Faculty of Electronic Information and Electrical Engineering, Dalian University of Technology, Linggong Road, Dalian, People's Republic of China.
State Key Laboratory of Cognitive Intelligence,iFLYTEK, Hefei, People's Republic of China.
BMC Bioinformatics. 2019 Dec 2;20(Suppl 16):590. doi: 10.1186/s12859-019-3080-2.
The number of biomedical research articles have increased exponentially with the advancement of biomedicine in recent years. These articles have thus brought a great difficulty in obtaining the needed information of researchers. Information retrieval technologies seek to tackle the problem. However, information needs cannot be completely satisfied by directly introducing the existing information retrieval techniques. Therefore, biomedical information retrieval not only focuses on the relevance of search results, but also aims to promote the completeness of the results, which is referred as the diversity-oriented retrieval.
We address the diversity-oriented biomedical retrieval task using a supervised term ranking model. The model is learned through a supervised query expansion process for term refinement. Based on the model, the most relevant and diversified terms are selected to enrich the original query. The expanded query is then fed into a second retrieval to improve the relevance and diversity of search results. To this end, we propose three diversity-oriented optimization strategies in our model, including the diversified term labeling strategy, the biomedical resource-based term features and a diversity-oriented group sampling learning method. Experimental results on TREC Genomics collections demonstrate the effectiveness of the proposed model in improving the relevance and the diversity of search results.
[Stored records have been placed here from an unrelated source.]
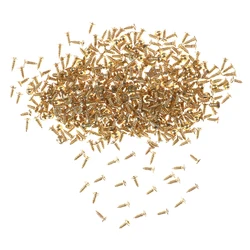 About 380Pcs 2*6mm Flat Self-tapping Screws Brass Material Golden Screws DIY Model Making Tools Self-tapping Screws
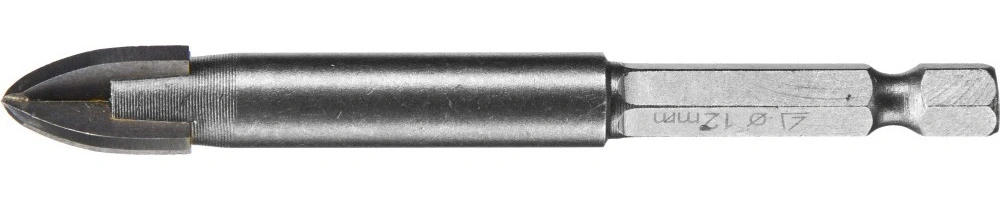 Сверло по стеклу и кафелю, 12 мм, 4х кромка, HEX 1/4, STAYER 2985-12_z01 — фото 1
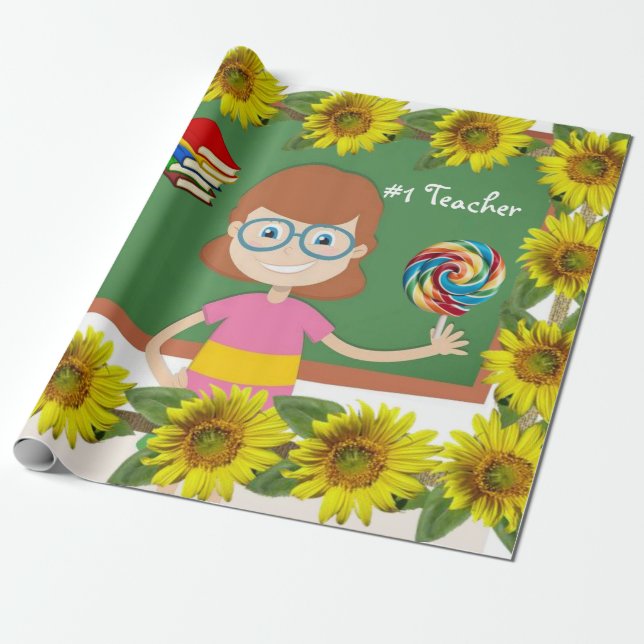 Sunflower Teacher Matte Wrapping Paper (Unrolled)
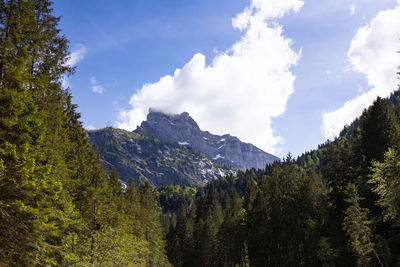 Scenic view of mountains against cloudy sky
The proposed three strategies jointly contribute to the improvement of biomedical retrieval performance. Our model yields more relevant and diversified results than the state-of-the-art baseline models. Moreover, our method provides a general framework for improving biomedical retrieval performance, and can be used as the basis for future work.
近年来,随着生物医学的发展,生物医学研究文章的数量呈指数级增长。这些文章给研究人员获取所需信息带来了极大的困难。信息检索技术旨在解决这个问题。然而,直接引入现有的信息检索技术并不能完全满足信息需求。因此,生物医学信息检索不仅关注搜索结果的相关性,还旨在提高结果的完整性,这被称为面向多样性的检索。
我们使用有监督的术语排序模型来解决面向多样性的生物医学检索任务。该模型通过有监督的查询扩展过程进行学习,以实现术语的细化。基于该模型,选择最相关和最多样化的术语来丰富原始查询。然后,将扩展后的查询输入到第二次检索中,以提高搜索结果的相关性和多样性。为此,我们在模型中提出了三种面向多样性的优化策略,包括多样化的术语标记策略、基于生物医学资源的术语特征和面向多样性的分组采样学习方法。在 TREC Genomics 数据集上的实验结果表明,该模型在提高搜索结果的相关性和多样性方面具有有效性。
所提出的三种策略共同有助于提高生物医学检索的性能。与最先进的基线模型相比,我们的模型产生了更相关和多样化的结果。此外,我们的方法为提高生物医学检索性能提供了一个通用框架,并可作为未来工作的基础。